__Work required__.
Begin at the line containing "Electronics Run Club" and give again every line to the end of the records, exactly, without the pictures.

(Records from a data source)
----------

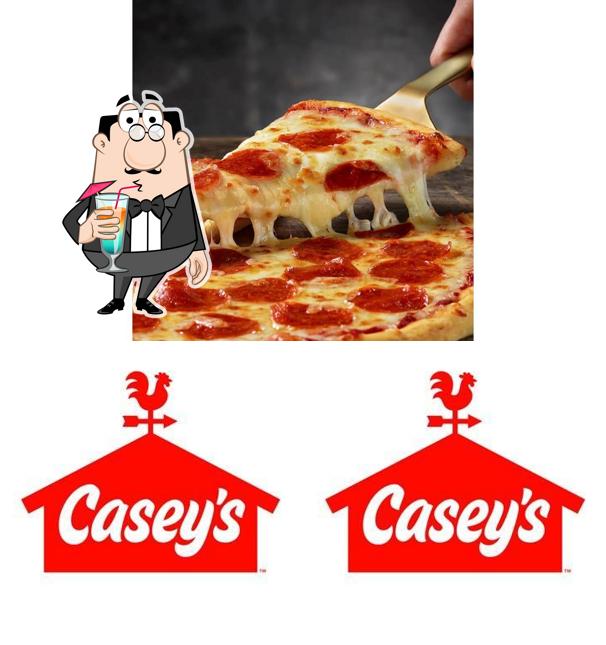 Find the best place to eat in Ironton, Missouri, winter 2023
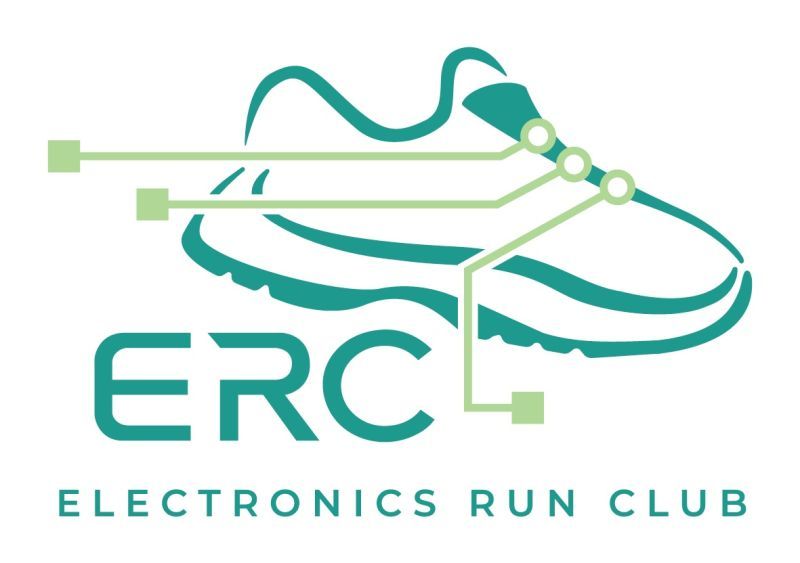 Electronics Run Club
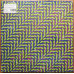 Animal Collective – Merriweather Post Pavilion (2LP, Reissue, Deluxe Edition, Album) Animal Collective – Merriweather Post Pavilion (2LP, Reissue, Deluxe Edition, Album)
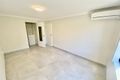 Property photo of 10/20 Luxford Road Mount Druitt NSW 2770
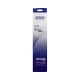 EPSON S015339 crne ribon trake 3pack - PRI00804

----------

__Final answer__.
 Electronics Run Club
 Animal Collective – Merriweather Post Pavilion (2LP, Reissue, Deluxe Edition, Album) Animal Collective – Merriweather Post Pavilion (2LP, Reissue, Deluxe Edition, Album)
 Property photo of 10/20 Luxford Road Mount Druitt NSW 2770
 EPSON S015339 crne ribon trake 3pack - PRI00804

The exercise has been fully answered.